The result of this work also holds significance in regard to the controversial role of orthophosphoric acid etching when using lasers for cavity preparation. Many authors support the necessity of orthophosphoric acid etching also after Er:YAG irradiation [17] while others have demonstrated the efficacy of laser preparation alone in terms of adhesion [18].

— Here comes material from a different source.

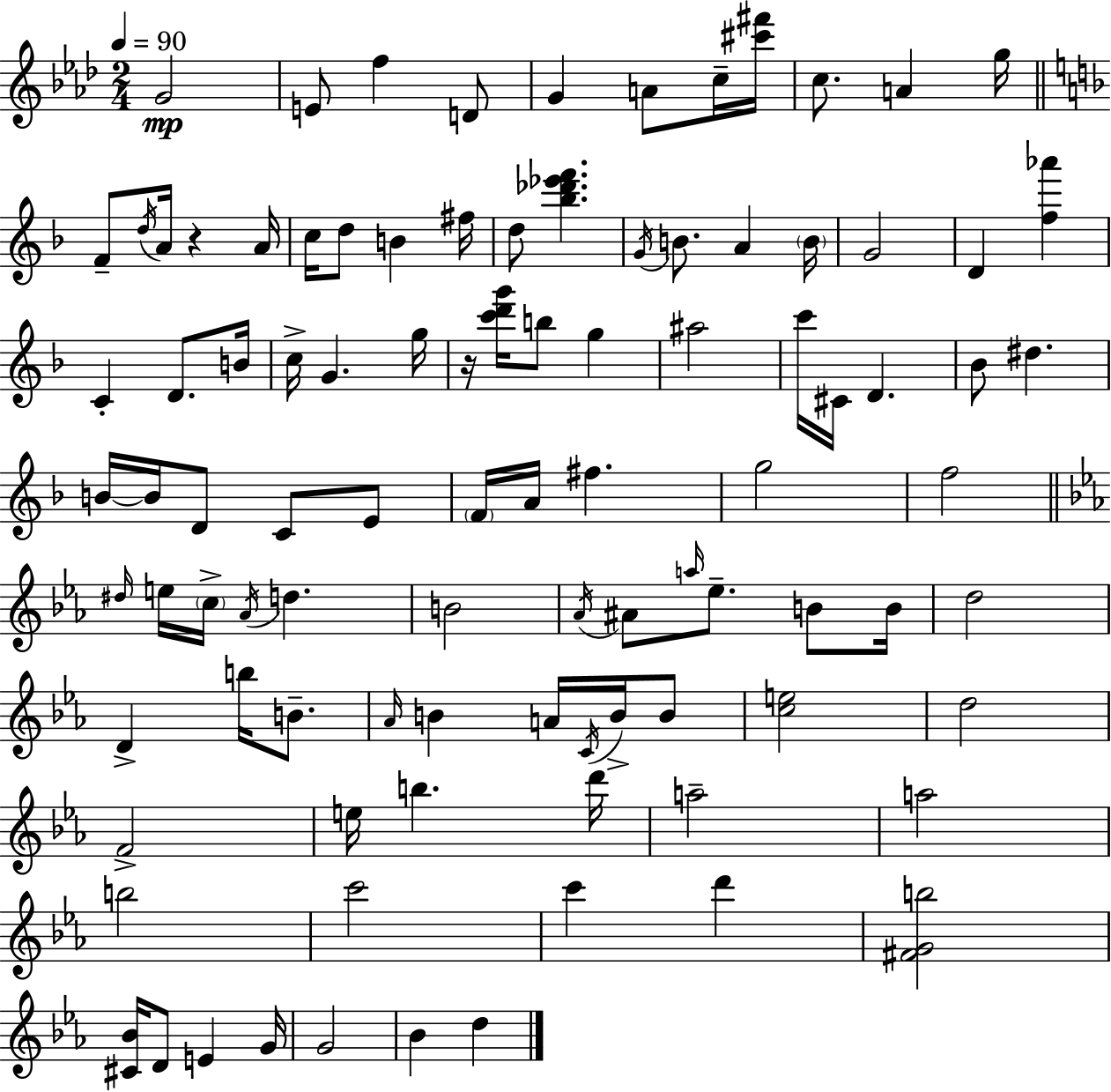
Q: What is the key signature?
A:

In fact, there is no evidence of any significant difference for conditioning enamel and dentine between using the Er:YAG laser alone or in combination with orthophosphoric acid and, according to these results, Er:YAG laser should be the first choice for conditioning enamel and dentine.

6. Conclusion

The Er:YAG laser may be used in conservative dentistry as an alternative to conventional instruments and in association with orthophosphoric acid, with several advantages, such better strength bond [19], reduced microleakage [20], and also lower discomfort and higher patient satisfaction [21].

This “in vitro” study, even if considered as preliminary due to the limited number of samples, confirms that it can be employed also in dental traumatology, to restore frontal teeth after coronal fracture, with the advantage of improved adhesion of the dental fragment to the tooth, in particular by decreasing microleakage.

In fact, all the microinfiltration tests made on bovine-extracted samples demonstrated a statistically significant difference between the laser-treated and non-laser-treated groups. The compression test did not show significant differences between the sample groups, indicating that Er:YAG laser does not reduce the adhesion of composite resin when compared to the traditional instruments.

Regarding the methodology of this study, it would be interesting also to analyse samples with SEM in order to see, both in the teeth and fragments, the ultrastructural differences by using different preparation and etching techniques.